┏━━
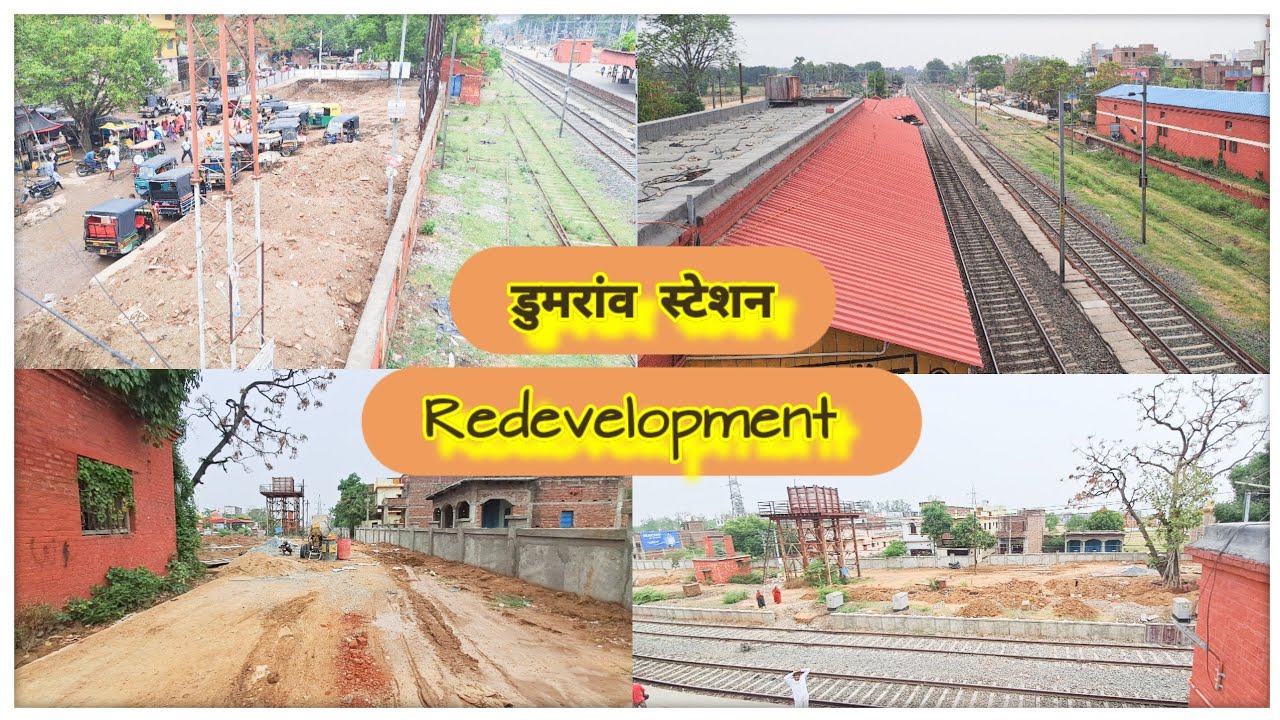 Dumraon railway station | amritbharatstation | Yaha ban raha hai new platform | @Local Info By TS
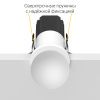 Встраиваемый светодиодный светильник Ledron SL74210/7W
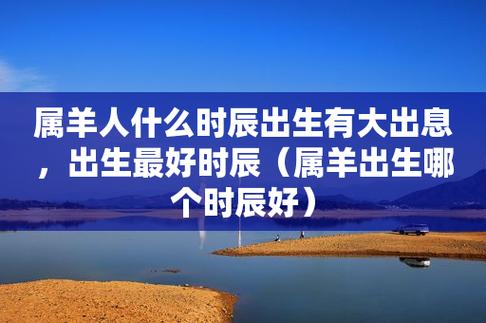 属羊什么时辰几点出生最好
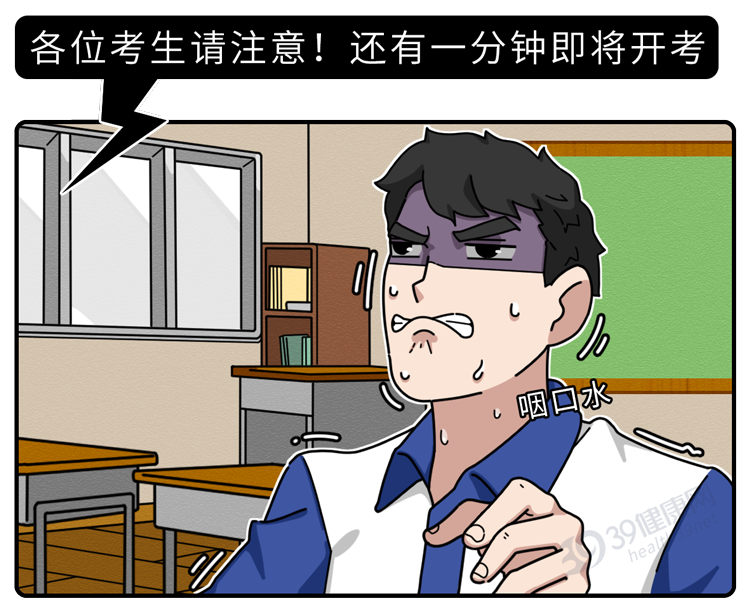 不要小看“睡觉流口水”，若经常发生，可能身体已出现4个问题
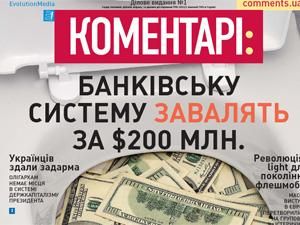Огляд преси за 24 жовтня - 24 жовтня 2011 - Телеканал новин 24 Огляд преси за 24 жовтня - 24 жовтня 2011 - Телеканал новин 24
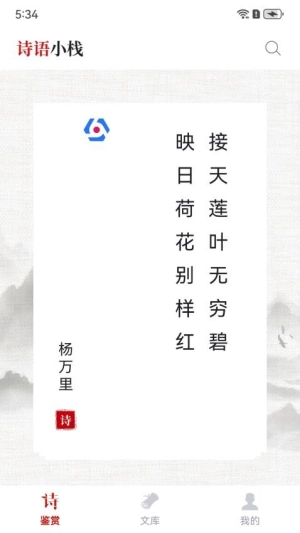诗词小栈图2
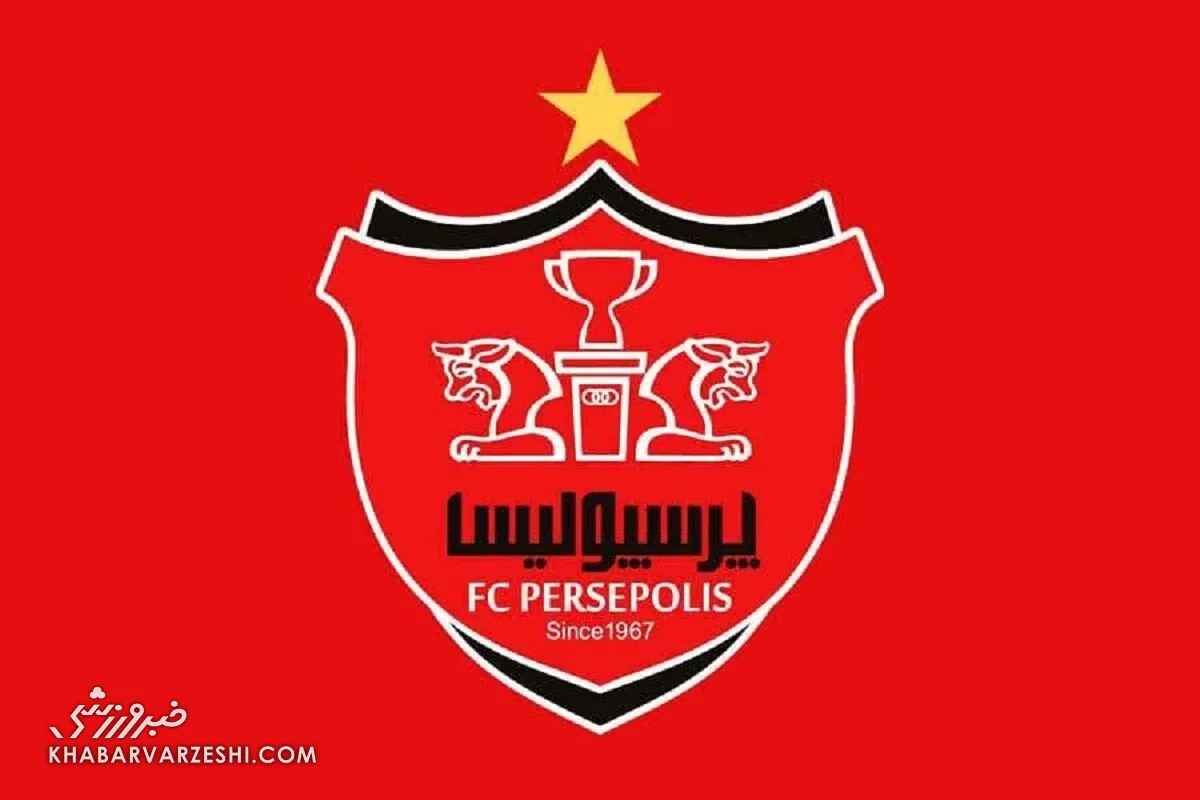 واکنش فوری پرسپولیس فیکس شدن ستاره سرخ‌ها مقابل بلژیک +عکس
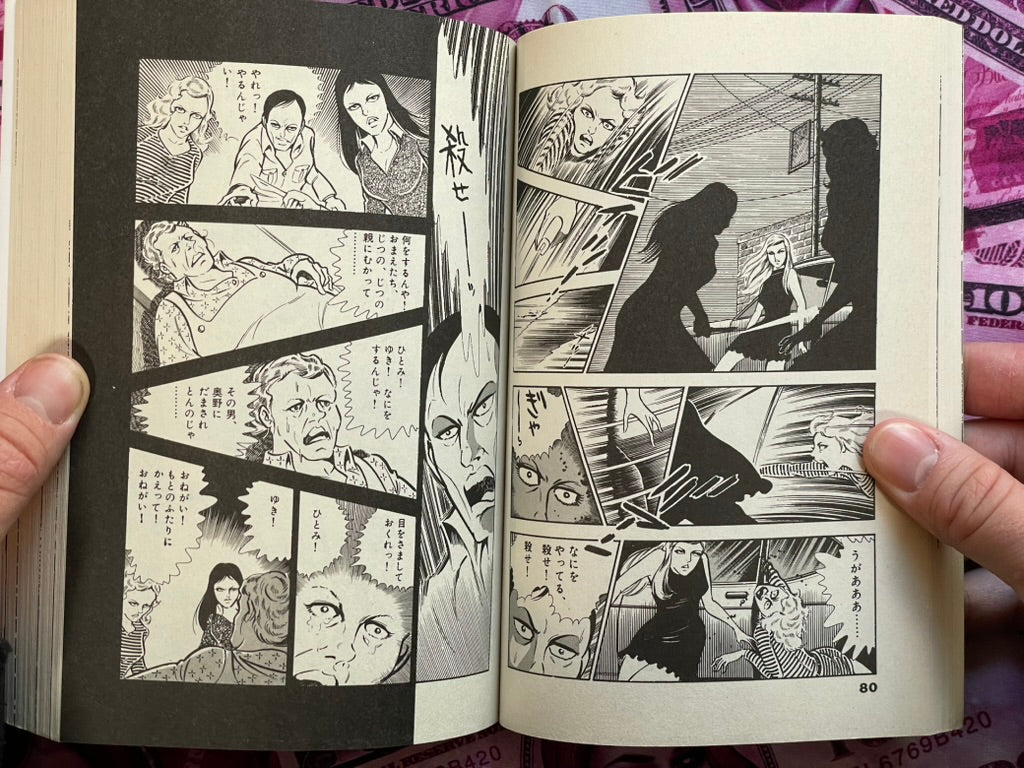 Zero Woman 1-3 Full Set by Tooru Shinohara (1995)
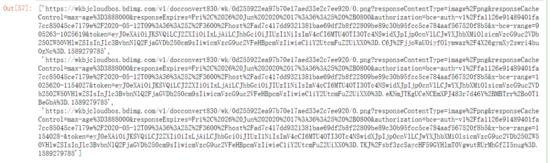 教你用 Python 爬取 Baidu 文库全格式文档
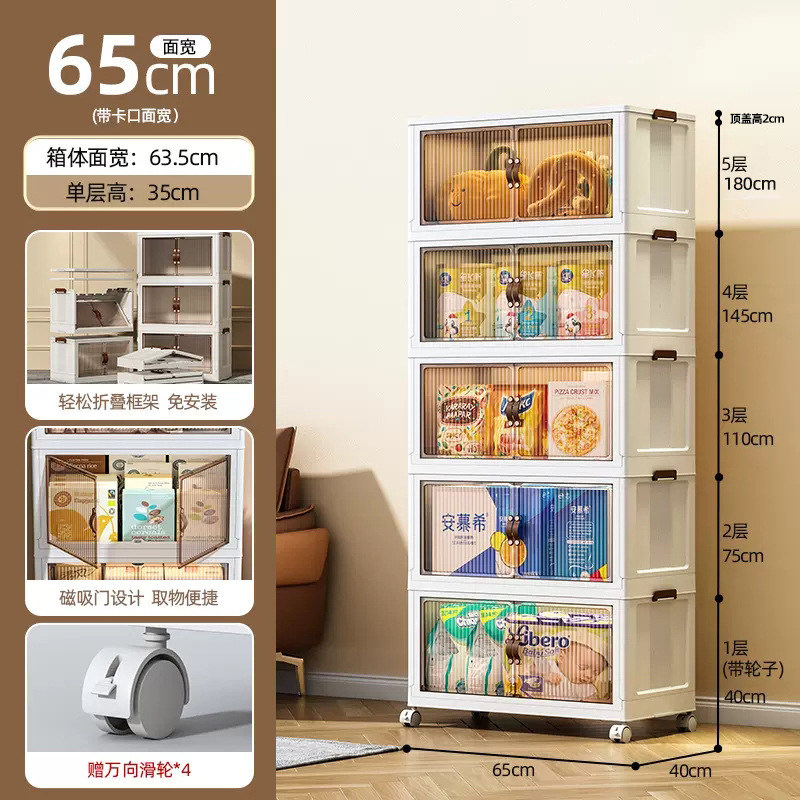 家庭用スナックと飲料の収納キャビネット、ホルムアルデヒドフリー、無臭収納ラック、寝室の衣類と寝具、特大収納キャビネット|undefined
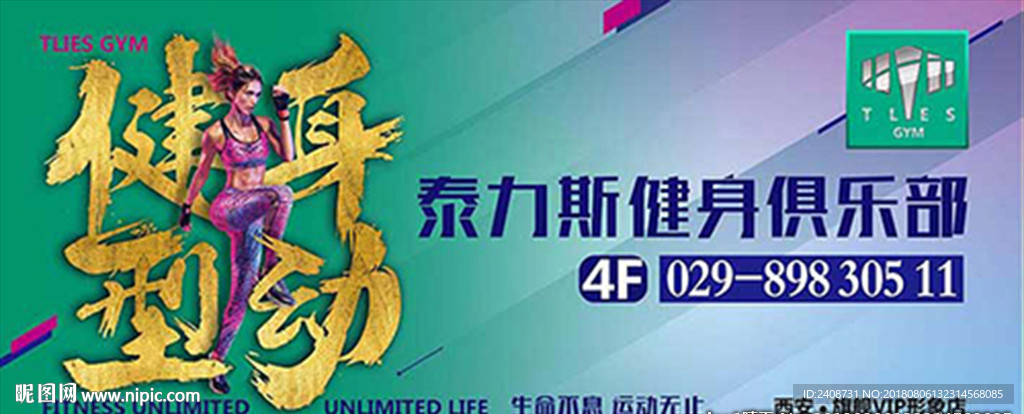健身品牌户外海报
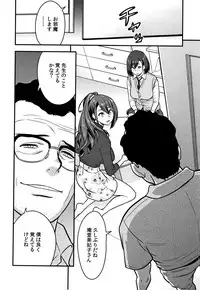 [Tatsunami Youtoku] Dankon Sousai -Hitozuma Kyoushi ga Netorareru made no Kiroku-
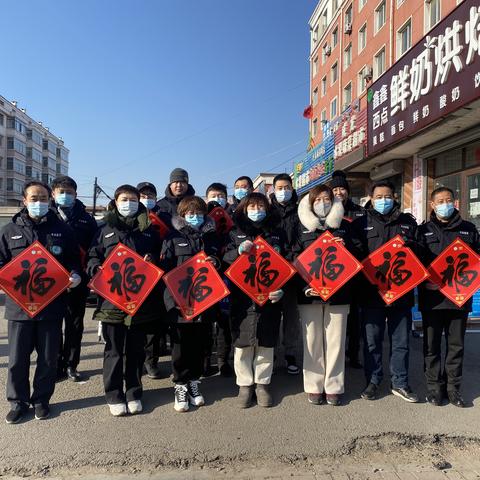 沈阳市平罗镇怎么样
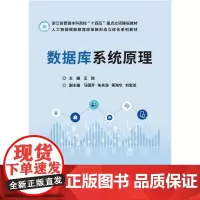 店 数据库系统原理 王勋 数据库基本理论应用书 数据库应用开发参考书籍 高等院校教材书籍 数据库应用开发教程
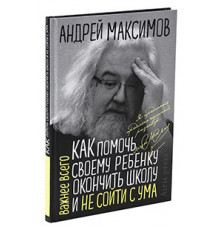 Как помочь своему ребёнку окончить школу и не сойти с ума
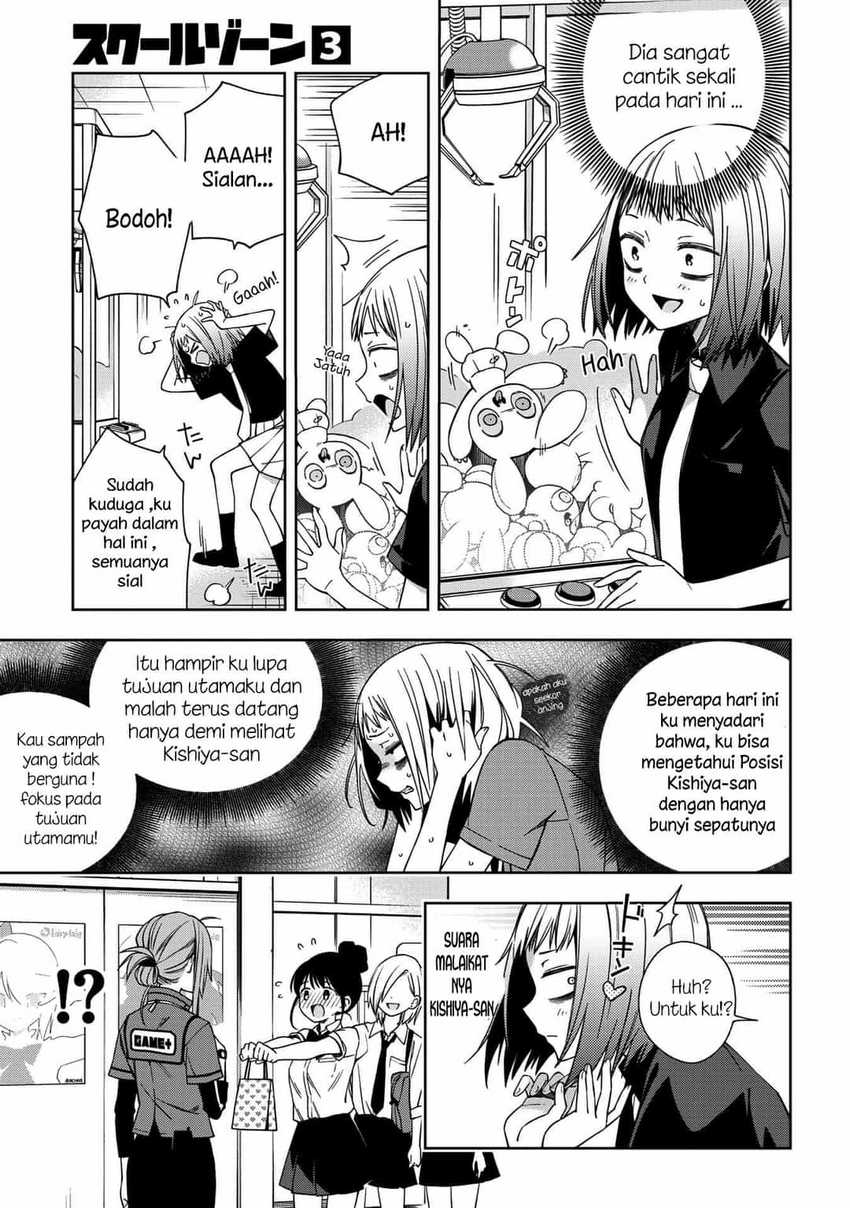 School Zone (Ningiyau) Chapter 64 Gambar 5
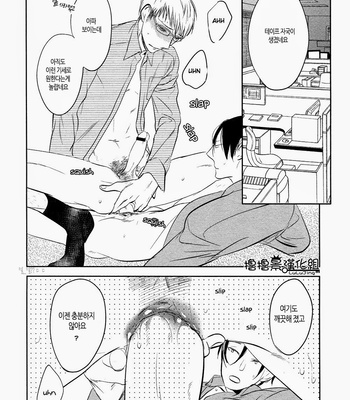 [Psyche Delico] Saigo no Hito (The Last Lover) [Kr] – Gay Manga sex 22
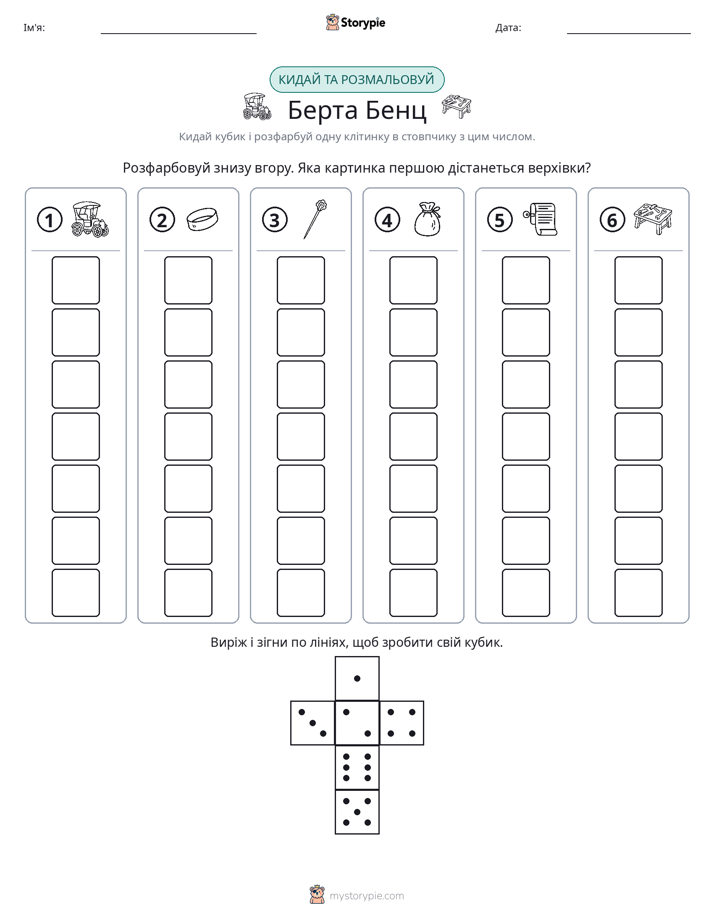 Катай та Розфарбовуй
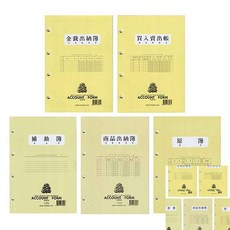 더아이 4공 장부 출납부 리필지 18절 입출금내역서 거래장부 입출금장부, 보조부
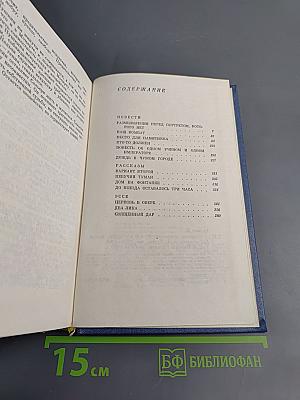 Собрание сочинений в 4-х томах. Том 3: Повести, Рассказы, Эссе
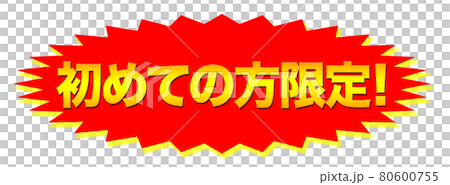 首次限定店 首次限定店 80600755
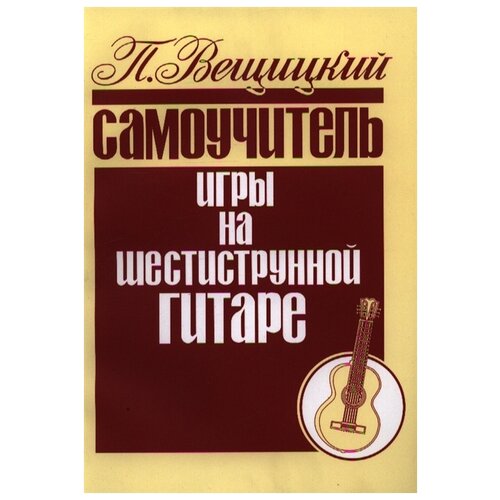 Вещицкий П.О. "Самоучитель игры на шестиструнной гитаре. Аккорды и аккомпанемент"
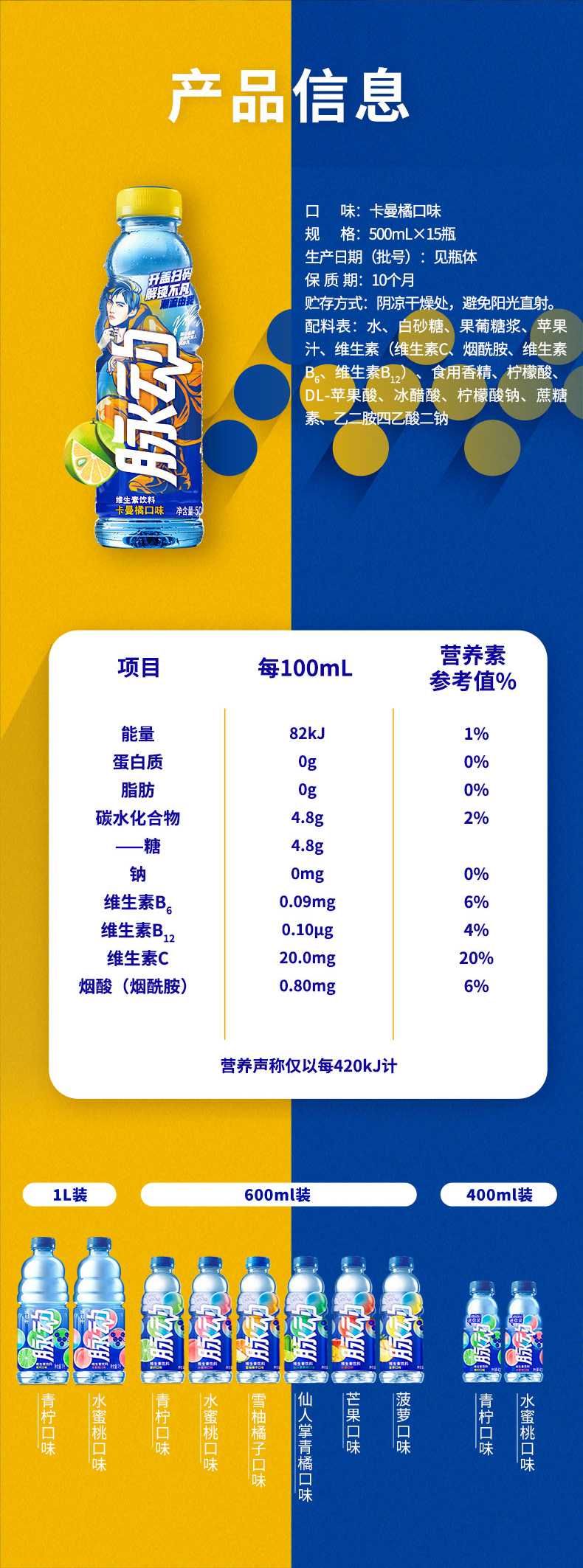 脉动 低糖维生素饮料 卡曼橘口味500ml*15瓶 图4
┗━━
- **Work order**
From the entries above, copy exactly the lines starting at the one with "Как помочь своему" and stopping at the one with "Собрание сочинений в", keeping both ends. Drop the pictures.

- **Response below**
 Как помочь своему ребёнку окончить школу и не сойти с ума
 School Zone (Ningiyau) Chapter 64 Gambar 5
 [Psyche Delico] Saigo no Hito (The Last Lover) [Kr] – Gay Manga sex 22
 Катай та Розфарбовуй
 더아이 4공 장부 출납부 리필지 18절 입출금내역서 거래장부 입출금장부, 보조부
 Собрание сочинений в 4-х томах. Том 3: Повести, Рассказы, Эссе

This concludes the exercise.